Directors' pay is going up and more of the compensation is coming in the form of cash rather than stock options.

According to a comprehensive analysis of director compensation at Fortune 500 companies, conducted by Executive Compensation Resources, a newsletter published by Towers Perrin, more companies are paying a premium for audit committee service and are paying additional fees to a lead director.

In addition, a number of companies are simplifying their director pay package by eliminating meeting fees in favor of a single cash retainer.

ECR analyzed the compensation of outside directors for 469 of the Fortune 500 companies that filed their 2003 proxies by May 28, 2004. It then compared this data for the same companies the prior year.

The results:

Total remuneration jumped 19 percent to a median $140,350.

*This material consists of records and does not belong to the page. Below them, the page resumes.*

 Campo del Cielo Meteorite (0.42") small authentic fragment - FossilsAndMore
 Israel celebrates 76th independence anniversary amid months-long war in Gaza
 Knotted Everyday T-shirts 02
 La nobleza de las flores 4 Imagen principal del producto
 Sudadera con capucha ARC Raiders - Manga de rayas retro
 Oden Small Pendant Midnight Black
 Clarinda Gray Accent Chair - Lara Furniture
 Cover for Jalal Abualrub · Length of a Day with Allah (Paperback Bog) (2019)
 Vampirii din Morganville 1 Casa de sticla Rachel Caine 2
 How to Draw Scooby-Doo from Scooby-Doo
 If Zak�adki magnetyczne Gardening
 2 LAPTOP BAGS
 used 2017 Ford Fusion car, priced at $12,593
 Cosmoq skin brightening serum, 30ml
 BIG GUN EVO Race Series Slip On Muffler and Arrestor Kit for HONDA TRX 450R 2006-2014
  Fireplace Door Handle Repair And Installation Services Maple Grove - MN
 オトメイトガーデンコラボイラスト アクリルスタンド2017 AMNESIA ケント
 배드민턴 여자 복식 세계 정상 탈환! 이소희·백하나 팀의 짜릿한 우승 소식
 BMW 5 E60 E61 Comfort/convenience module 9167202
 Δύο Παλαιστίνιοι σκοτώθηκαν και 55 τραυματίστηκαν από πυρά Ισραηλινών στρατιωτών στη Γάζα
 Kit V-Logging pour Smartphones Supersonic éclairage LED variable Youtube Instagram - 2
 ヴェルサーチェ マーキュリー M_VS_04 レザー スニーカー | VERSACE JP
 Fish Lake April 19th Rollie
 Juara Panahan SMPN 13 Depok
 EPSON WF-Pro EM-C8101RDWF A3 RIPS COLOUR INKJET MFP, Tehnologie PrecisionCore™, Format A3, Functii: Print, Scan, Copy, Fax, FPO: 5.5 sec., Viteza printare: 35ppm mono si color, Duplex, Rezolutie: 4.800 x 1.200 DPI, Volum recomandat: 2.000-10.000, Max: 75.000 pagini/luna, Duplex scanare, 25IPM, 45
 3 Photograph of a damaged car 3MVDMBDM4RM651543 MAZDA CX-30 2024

Total cash increased 14 percent at the median.

Total annual/recurring stock compensation increased 17 percent at the median.

About 40 percent of the pay was in cash, 60 percent in stock for both years.

In the study, total cash compensation is based on the following assumptions regarding board and committee cash fees: eight board meetings for all companies; four committee meetings per committee, the director sits on two "typical" committees and chairs one and the committee and board meetings occur on different days.

Towers Perrin also found that companies are changing the way they are compensating directors with equity, even though the overall use of stock remained the same over the past two years.

For example, 54 percent of companies used stock options in 2003, down from 63 percent the prior year.

On the other hand, the use of full-value shares increased, as 68 percent of companies awarded at least one type of full-value shares to their directors in 2003, up from 63 percent the prior year.

Companies are also recognizing the critical importance of the audit committee in the age of Sarbanes-Oxley, acknowledging these roles come with more responsibility and accountability.

For example, 23 percent of companies are paying retainers for serving on the audit committee, compared to 14 percent who pay retainers for service on other committees. In addition, 62 percent of those companies that pay retainers are paying directors more to serve on the audit committee than other committees.

The average retainer paid for audit committee service was $11,783, versus an average fee of $6,405 paid for service to other committees.

80 percent of the companies pay an additional retainer to the audit committee chair—a median of $10,000 compared to a median of $5,000 retainer paid to other committee chairs. The audit committee chair is expected to be a financial expert, and the position carries additional legal liability concerns.

The study also indicated that companies are slowly moving toward simplifying their fee structure for directors, moving to a flat fee and eliminating meeting fees. Altogether, 28 percent of companies pay a cash retainer and no meeting fees of any kind, according to Towers Perrin.

Another governance trend is the creation of a lead director. In the study, 11 percent of the companies paid additional fees to the lead director last year. And 90 percent of those companies paid a cash retainer that averaged an additional $27,160.

The study also showed that a growing number of directors own stock in the companies whose boards they serve. In fact, 35 percent of the companies said they have some sort of stock ownership guidelines, compared with 19 percent the prior year.

Judith Fischer, director of research for Towers Perrin, says the study "reflects new expectations [of directors]. Before, they were based on moral grounds, now they are based on fiduciary grounds."

She adds that the changes indicated in this year's study will not slow down any time soon. "The make-up of boards will change dramatically over the next two years," she says.